One day after the independent panel rocked Washington with its bleak assessment of conditions in Iraq, Mr. Bush met at the White House with his closest ally in the war, Prime Minister Tony Blair of Britain. The president said afterward that the United States needs “a new approach” in Iraq and that he would ‘‘seriously consider” the report, but was unlikely to accept all of its recommendations.
At the other end of Pennsylvania Avenue, the co-chairmen of the panel, James A. Baker III and Lee H. Hamilton, called on Congress to exert pressure on Mr. Bush to accept the report in its entirety. Mr.
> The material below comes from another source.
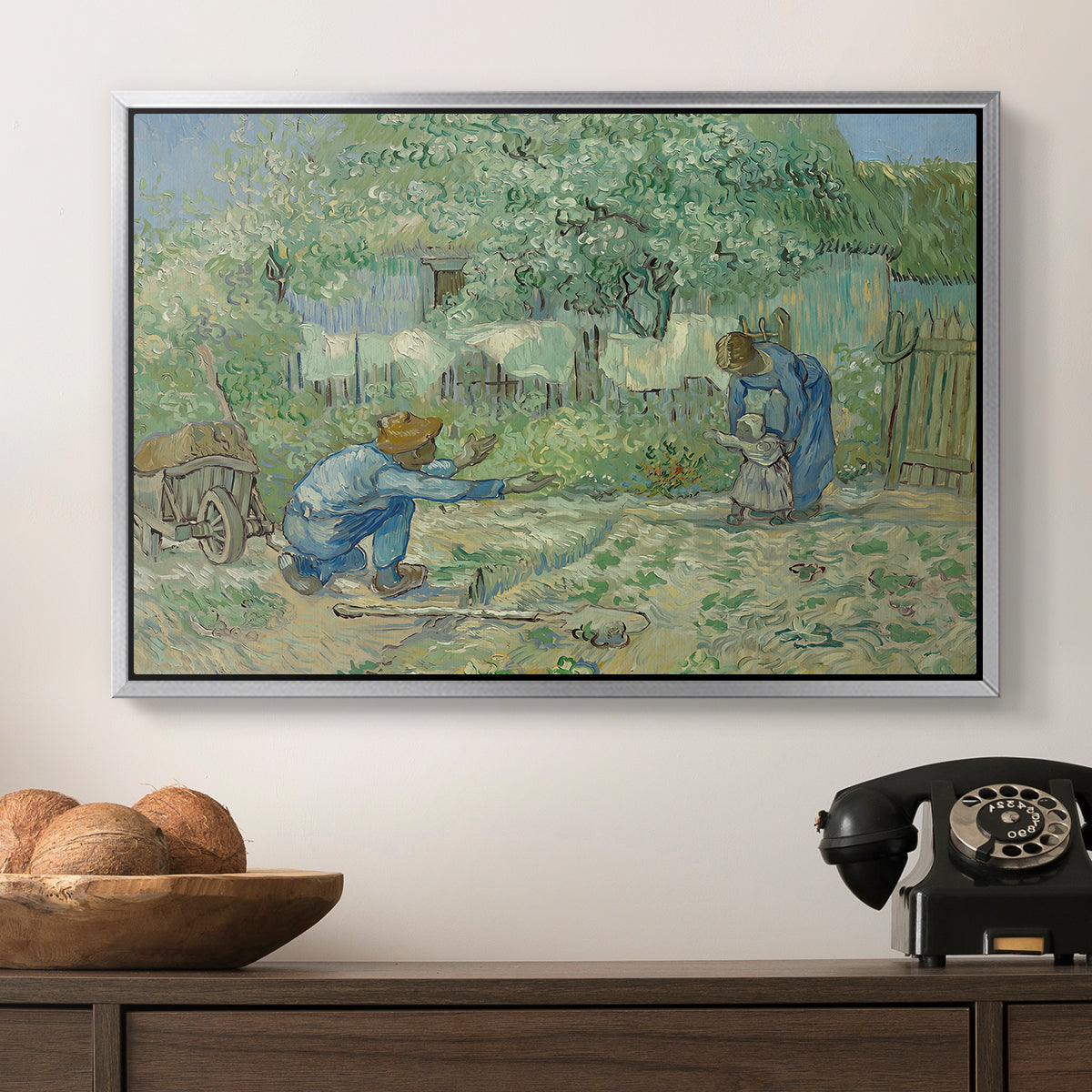 First Steps after Millet, 1890 - Floater Framed Canvas Print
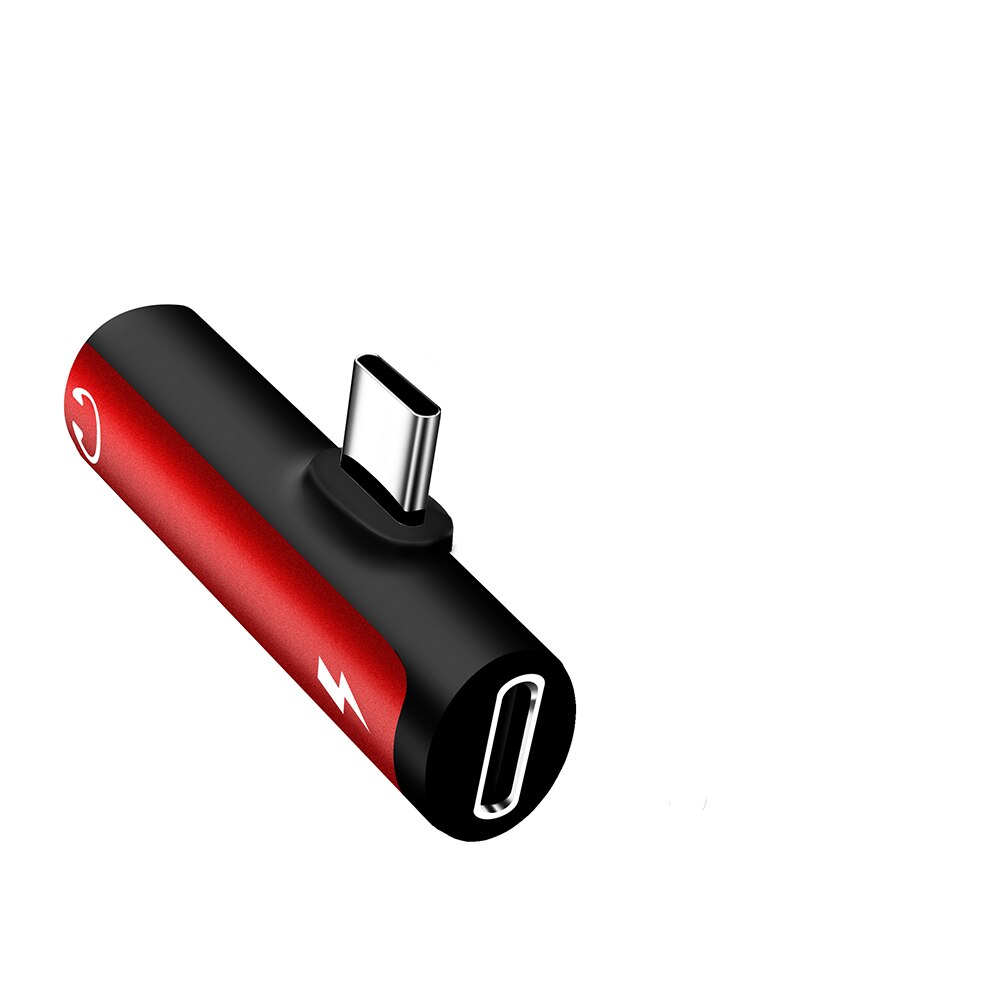 2 In 1 Typ C Zu 3,5mm Jack Kopfhörer Lade Konverter USB Typ-C Audio Adapter für Samsung s20 Xiaomi Huawei P20 Pro Typ C: Red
Baker told the Senate Armed Services Committee that the White House should not treat the report “like a fruit salad,” while Mr. Hamilton complained that Congress had been ‘‘extremely timid” in overseeing the war.
But Mr. Bush, in his first extended comments on the study, pushed back. With Mr. Blair by his side, the president said he needed to be “flexible and realistic” in considering troop movements, and made clear he would impose preconditions for talking to Iran and Syria that neither side is willing to accept. He was especially animated in describing what he said would be the consequences of a failure to stabilize Iraq, saying that future generations of Americans would be put at risk.